Gawain lässt sich das nicht ausreden, und so reitet Arthus in den Wald zurück, um dem Weibsstück die erfreuliche Nachricht zu überbringen. Die Hexe kann sich vor Freude darüber, den begehrtesten Junggesellen im Land abzubekommen, kaum einkriegen und verrät Arthus, ohne länger zu zögern, die Antwort auf die große Frage. Interessant ist hier: Sie muss nicht erst den Vollzug der Ehe abwarten, das Wort eines Ritters gilt, das weiß man auch im tiefsten Wald. Sie verrät ihm also umgehend des Rätsels Lösung: »Manche Leute sagen, wir wollen schön sein oder geliebt und geachtet werden, andere sagen, wir wollen reich sein und keine Lasten tragen, aber all das trifft nicht zu«, erklärt ihm die Frau. Aber was ist es nun, was »wemen desyren moste specialle?«, was sie wirklich wollen, wie es in der berühmtesten Fassung der Geschichte im charmanten Mittelenglisch heißt, das im 14. Jahrhundert das noch viel französischer klingende Anglonormannisch als Hof- und Literatursprache abgelöst hatte. »Was wir vor allen Dingen am meisten wünschen, ist … (hier bitte Trommelwirbel hinzudenken) … Eigenständigkeit.« Im Original ist das Wort »sovereynté«. Die Souveränität, das Recht, das Leben selbst zu bestimmen. »Nun gehe hin, Sire, denn nun ist dein Leben gerettet.«

Arthus begibt sich also auf den Weg zu Sir Gromer und kann dem Drecksack die Antwort hinschleudern. Wütend muss Sir Gromer Arthus gehen lassen, auf dem Rückweg holt der die Lady ab und bringt sie an den Hof. Dort herrscht gedämpfter Enthusiasmus, die Vorbereitungen zum Hochzeitsfest laufen schon, dank Klatschmäulern, den Vorläufern von Twitterern und Klatschportalen, sind Details der Verlobung Gawains an die Öffentlichkeit gelangt. Es wird gelästert, nicht zuletzt über das unhöfische Milieu, aus dem die Braut stammt. Als die Hochzeit dann gefeiert wird, geschieht das allerdings in aller gebotenen Festlichkeit, es wird fröhlich, das Volk darf zechen, Feuerspucker und Hofnarren treten auf, der Höhepunkt ist ein großes Hoffest. Interessanterweise schildert das berühmte Gedicht aus dem 15. Jahrhundert mit großer Detailversessenheit, wie übel sich Lady Ragnelle bei den Hochzeitsfeierlichkeiten benommen hat. Angeblich soll sie unmäßig gefressen, gepöbelt und sogar andere Hochzeitsgäste bespuckt haben. Es kann sein, dass der Autor dies aber auch nur eingeflochten hat, um – indirekt – das zum Teil raue Betragen mancher Adeliger seiner Zeit aufs Korn zu nehmen. Vielleicht sollte durch diesen Exkurs aber auch hervorgehoben werden, dass Lady Ragnelle eben nicht aus dem gesellschaftlichen Umfeld des Hofes stammt.

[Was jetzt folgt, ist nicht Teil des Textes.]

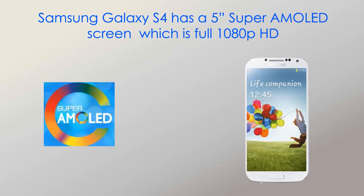Another feature is the display. The Samsung Galaxy S4 has a 5-inch display with Super AMOLED and a 1080p screen. It looks really good.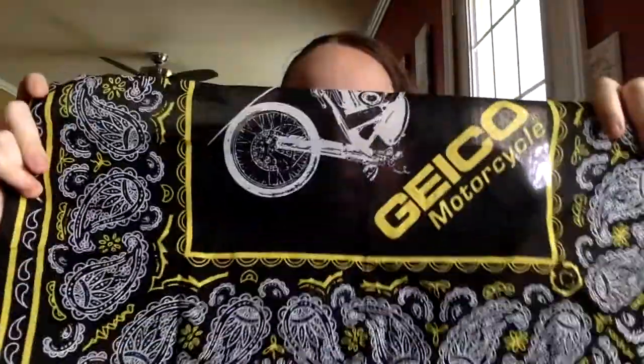This was originally a bandana — I got it for free, it's a Geico motorcycle insurance bandana I picked up at a bike show in Chicago. As you can see, I've cut it in half. I didn't really want to walk around with 'Geico' written on my face, so I kind of like the design on the other side. I've basically folded it in half with the side I want to wear facing out, and the motorcycle logo side facing in.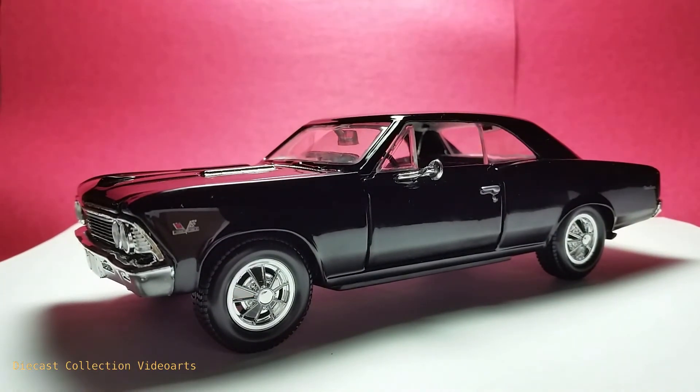This ends my video on the 1966 Chevrolet Chevelle SS396 by Maisto. Thanks for watching. Enjoy your collection and see you with the next model.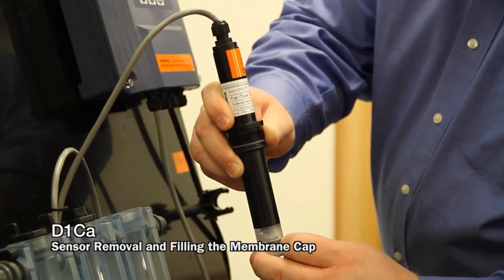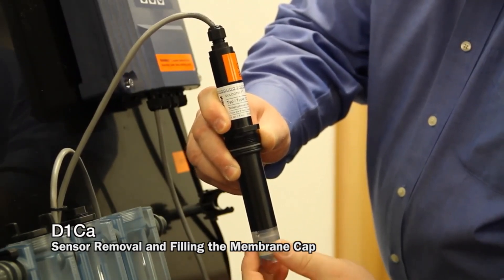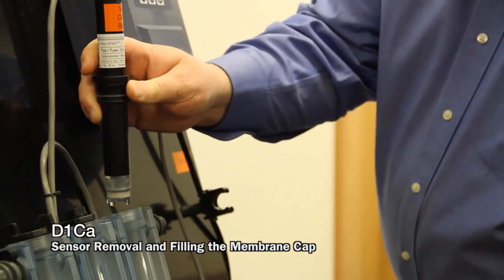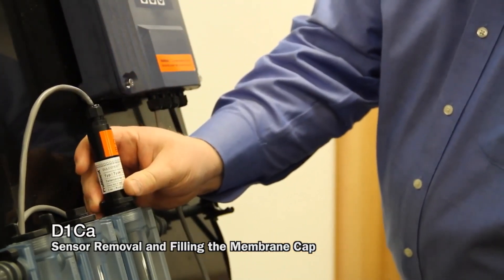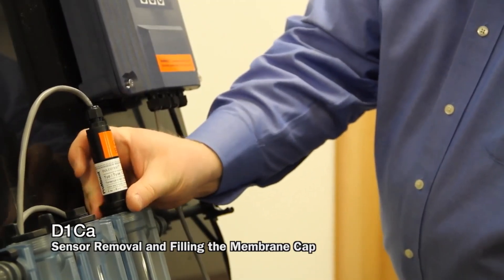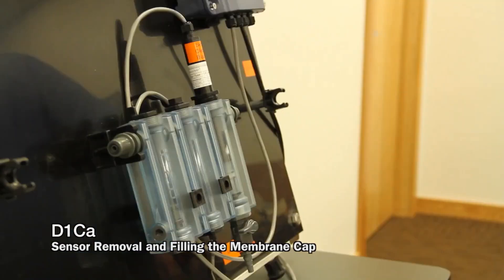Thread the cap back onto the sensor. Place the sensor back into its sample cell and tighten the compression fitting back in place. You can now start flow in the sample line.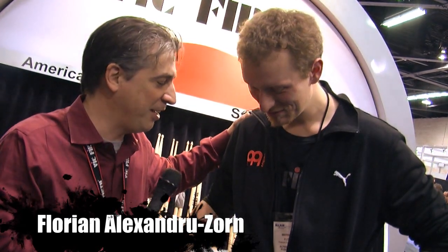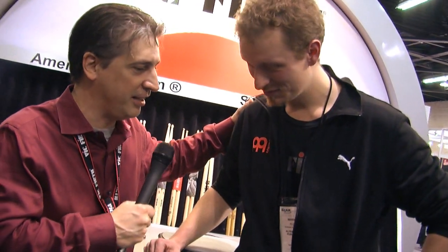We're in the booth here at Florian, the Brush Master. Give us a little rundown of how you ended last year and what you're going to be doing going into 2012. Last year I did many, many master classes, and my book The Complete Guide to Playing Brushes was published here in the U.S. — it was a huge success. This year in 2012, I'm playing with the WDR big band in Germany, and my new DVD is coming out in March. It's called The Brush Secret.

Irgendwann ist unweigerlich der Moment der Hochzeitsnacht gekommen. Die beiden Frischvermählten ziehen sich ins Schlafgemach zurück, das der König ihnen zur Verfügung gestellt hat. Die Diener zünden den Kamin an, tragen Wein auf, etwas Obst und schließen die Türen hinter dem Paar. »Sir Gawain, jetzt, da wir alleine sind«, sagt Lady Ragnelle, »bitte ich höflich um den Hochzeitskuss.« Wir wissen alle, was mit »Kuss« gemeint ist. Sir Gawain zögert nicht. Das Wort eines Ritters! Kaum steigt er zu ihr ins Bett und küsst sie, Sie haben es sicher schon geahnt, verwandelt sich seine abstoßende Braut in das schönste Geschöpf, das er je zu Gesicht bekommen hat. Gawain stürzt sich in ihre Arme und »gab ihr viele Küsse«, was eine wirklich elegante Umschreibung dessen ist, was damals in der Honeymoon-Suite von Carlisle Castle vonstattengegangen sein muss.

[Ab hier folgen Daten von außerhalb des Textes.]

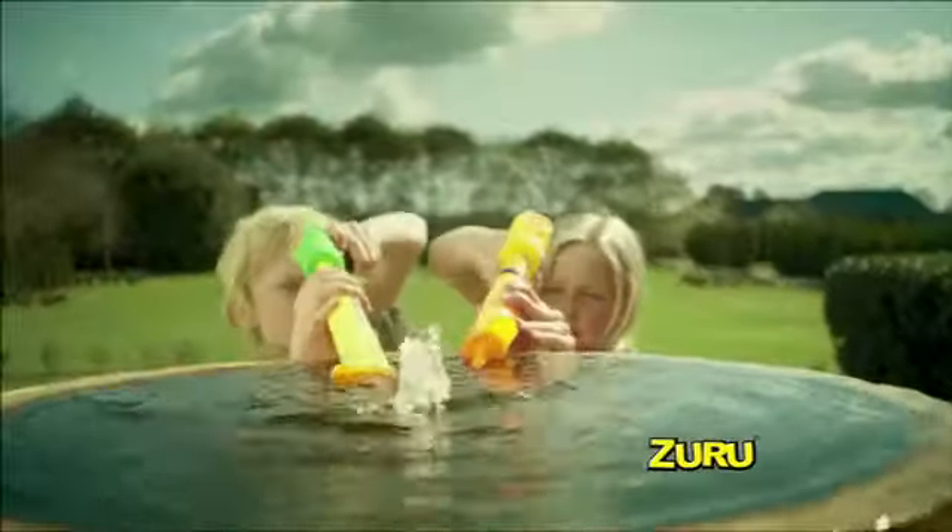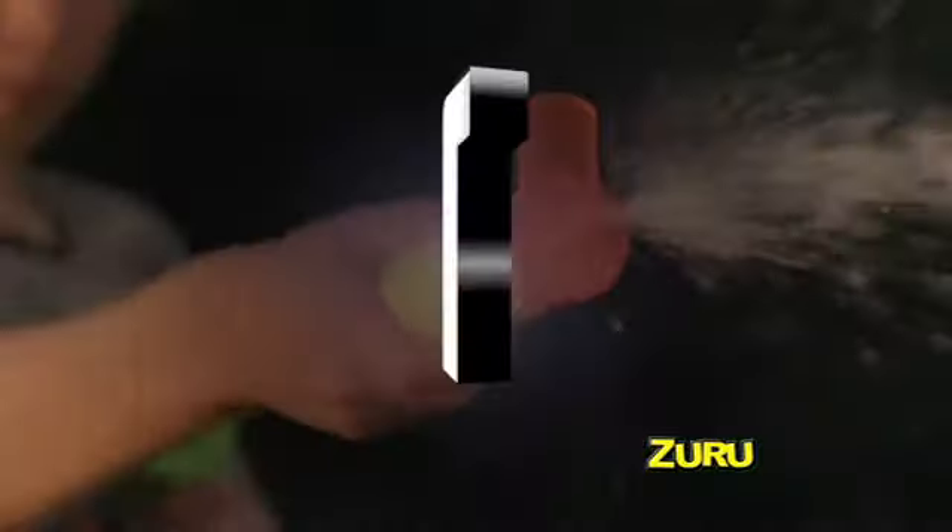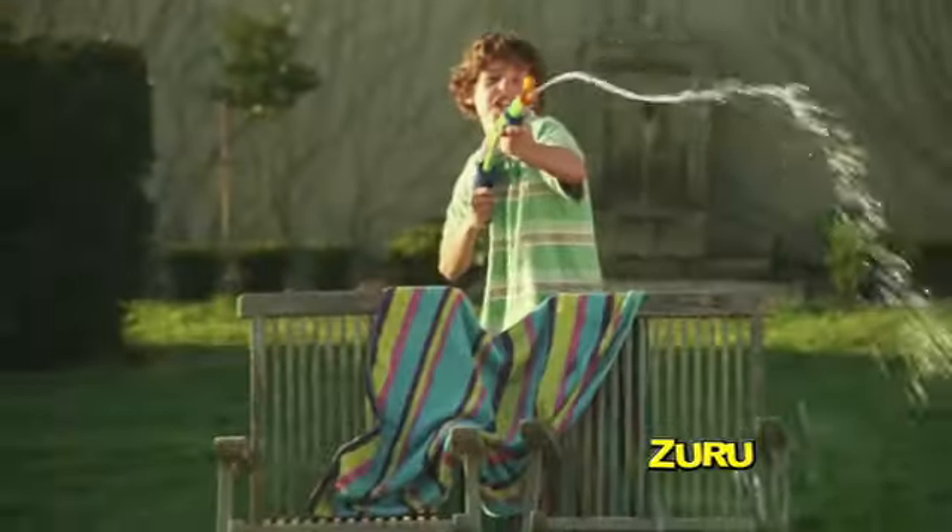New from X-Shot, three blasters in one and three times the fun. One: load and blast water. We're enhancing the fun.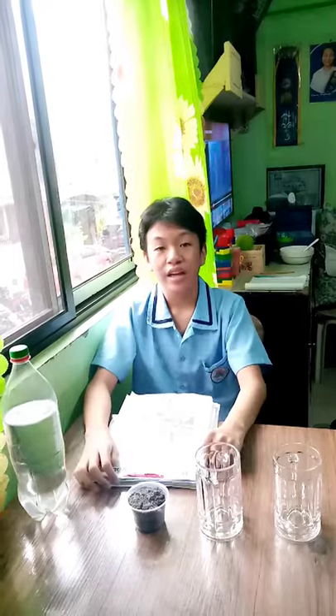Hello, teachers! Hello, classmates! Today, we will be separating mixtures by decantation, evaporation, and filtration.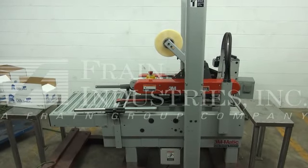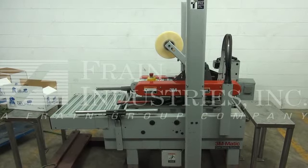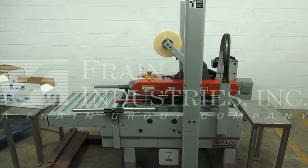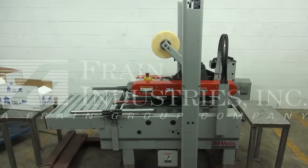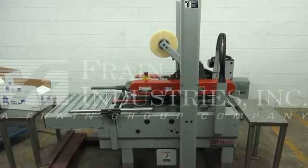Hi, we're the Frame Group service technicians that serviced your 3M model 700R case taper. Before powering up the machine, it's recommended to read the manual in its entirety. The manual will be placed with the machine when it's shipped. The voltage on the case taper is currently set for single phase 120 volts.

Hier kommt noch nicht der Abspann. Das ist noch nicht das Happy End. Die Geschichte hat noch einen Haken. Lady Ragnelle erzählt Gawain, dass ein Teil des Bannes immer noch auf ihr laste. Durch seine Liebe habe Gawain sie zwar befreit – nur eben leider nicht ganz. »Meine Schönheit, wie du sie jetzt siehst, ist nicht von Dauer. Du musst dich entscheiden, ob ich am Tag oder in der Nacht schön bin. Der Bann erlaubt nicht beides.« Gawain: »Dann sollst du in der Nacht für mich schön sein.« Sie: »Dann aber werden sich die Leute am Tage das Maul über mich zerreißen.« Er: »Nein! Das soll nicht sein! Dann sollst du nur am Tag schön sein!« Sie: »Aber mein Liebster, das würde mir das Herz brechen, dass in der Zeit, in der wir einander haben und allein sind, ich mich nicht in meiner wahren Erscheinung zeigen kann.«

»Ich kann und will es nicht entscheiden«, sagt schließlich Gawain, »ich muss die Entscheidung, ob du am Tag oder in der Nacht schön sein willst, in deine Hände geben. Wie du dich auch immer entscheidest, mir soll es gefallen.« – »Danke, edelster Ritter«, jubelt Lady Ragnelle, ich vereinfache hier das Mittelenglische, »gesegnet bist du, denn nun bin ich endgültig von dem Bann befreit und vollständig von dem bösen Zauber erlöst. Nun wird meine Schönheit bei Tag und bei Nacht sichtbar sein. Nur diese Antwort konnte mich ganz vom Bann...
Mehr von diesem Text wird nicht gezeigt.